# Machine Learning for Stock Price Prediction
## Overview

### What You'll Learn
In this section, you'll learn
1. How to format data so that it can be used for machine learning
2. How to create, train, and test a model that predicts stock prices
3. How to improve it

### Prerequisites
Before starting this section, you should have an understanding of
1. [Basic Python (functions, loops, lists)](https://github.com/HackBinghamton/PythonWorkshop)
2. [scikit-learn](https://colab.research.google.com/github/HackBinghamton/MachineLearningWorkshopWeek1/blob/master/intro_ml_scikit.ipynb) ([Boston Housing Price example](https://colab.research.google.com/github/HackBinghamton/MachineLearningWorkshopWeek1/blob/master/housing_price_prediction.ipynb) if you'd like extra practice)

### Introduction
Stock price prediction has been a Holy Grail of machine learning for years. If one can predict changes in stock prices, they can buy and sell at just the right times to make tons of money. In this workshop section, we'll discuss how to make data about a given stock fit into a `sklearn` machine learning model as well as how to train and test it. 

---

## Loading the Data
The first step in starting a project is loading the data. Usually, you have to use one of `sklearn`'s datasets, find a third-party dataset online, or build your own.

In this case, we've prepared datasets on different individual stocks for everyone! These datasets hold three types of data over multiple rows. In each row, you will find:

 1. The date of the following data
 2. The stock price change on that day
 3. The average sentiment (attitude) of news related to the stock on that day
 
Feel free to tweak the `dataset` and `train_proportion` to fit your needs. `dataset` signifies which dataset of our you'd like to load, while `train_proportion` indicates how much of the data you'd like to dedicate to testing as opposed to training.

Once you've tweaked these values to your liking, run the code block and your dataset will be loaded!

In [None]:
import requests
import csv


# TWEAK THIS VALUE TO USE WHATEVER DATASET YOU'D LIKE
# Options: Facebook, Amazon, Microsoft, Nvidia, Apple
dataset = "Amazon"



#########################
## DO NOT MODIFY BELOW ##
#########################

##### LOAD DATA #####
# Fetch the dataset contents
r = requests.get("https://raw.githubusercontent.com/HackBinghamton/MachineLearningWorkshopWeek2/master/stock_price_prediction/" + dataset + ".csv")

# Write to a local file
with open(dataset + ".csv", "w") as datafile:
    datafile.write(r.text)

# Read into rows
data = []
with open(dataset + ".csv", "r") as datafile:
    reader = csv.reader(datafile)
    for row in reader:
        data.append(row)

##### DISPLAY DATA #####
print(dataset, "dataset:")
for row in data:
    print("{0:12s} | {1:20s} | {2:14s}".format(*row))    


## Preparing the Data
Great! So we've now loaded up a dataset into a list that looks something like this:

```python
[[ "Date",       "Stock Change", "Sentiment" ],
 [ "2019-09-19", "27.55",        "16.98"     ],
 [ "2019-09-22", "-8.30",        "15.40"     ],
 ...
 [ "2019-09-29", "-8.92",        "15.06"     ]]
```

However, we can't yet feed this into our machine learning model. Here are a few problems with it:

1. The first row, `["Date", "Stock Change", "Sentiment"]`, is not a valid data point
2. The "Date" column is largely irrelevant, since all of the dates are within the same week. Unless we have multiple years worth of data points, this data is likely to cause confusion for our machine learning model
3. All of the data is in string format (whether it's a number or not)

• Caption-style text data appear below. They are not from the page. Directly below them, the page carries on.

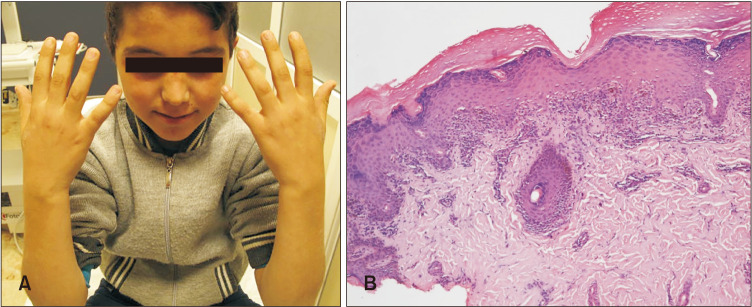 Familial Actinic Lichen Planus: Three Cases from the Same Family.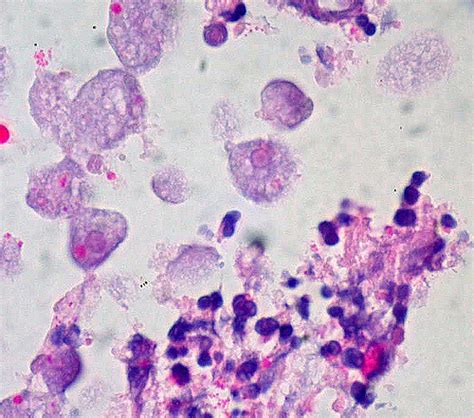 [Figure, Amebic colitis Courtesy of Pathology outlines (http://www.pathologyoutlines.com ...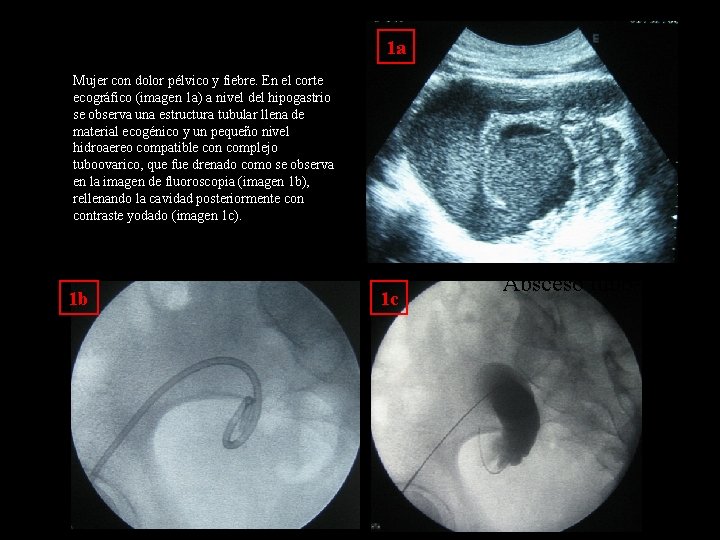 1 a Mujer con dolor pélvico y fiebre. En el corte ecográfico (imagen 1 1 a Mujer con dolor pélvico y fiebre. En el corte ecográfico (imagen 1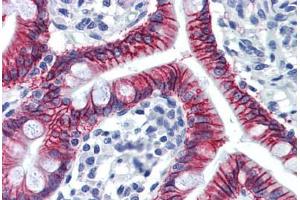 Human Small Intestine: Formalin-Fixed, Paraffin-Embedded (FFPE) (LI Cadherin 抗体  (AA 24-132))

In order to do fix this and make our data compatible with the machine learning model, we'll have to do the following:

1. Remove the first row
2. Remove the date column
3. Convert all of the number data to `float`s
4. Break our data into 4 different lists: training and testing sets of both X (input/news sentiment) and Y (output/stock price) values

Let's do it!

### 1. Chopping the top row off
Removing the top row of our data with `["Date", "Stock Change", "Sentiment"]` will let us avoid running into errors when we try to feed it into our machine learning model.

In [None]:
# "Slices" in Python (the [:] things) let you chop out parts of lists to your liking
data = data[1:]

# Display the data
for row in data:
    print(row)

### 2. Chopping the Date column off
The Date column is irrelevant, and is more likely to confuse the machine learning model than help it. It's all string data, and machine learning models like the ones we're using only take numerical data. Also, if there were years worth of data, maybe the model could find a correlation, but because there are only a few data points, there's no way that a model can make informed decisions off of the dates.

In [None]:
# Use slices again, but this time on each row (since we're deleting a column)
for row in range(len(data)):
    data[row] = data[row][1:]

# Display the data
for row in data:
    print(row)

### 3. Converting all numerical data to `float`
As we said above, our models only take numerical data. If we try to feed it strings, it'll error out.

In [None]:
# Iterate through each item and convert to float
for row in range(len(data)):
    for col in range(len(data[row])):
        data[row][col] = float(data[row][col])

# Display the data
for row in data:
    print(row)

### 4. Splitting into training and testing data
For our last step in data processing, we must split our data into training and testing groups, as well as organize our data so that it fits into our model.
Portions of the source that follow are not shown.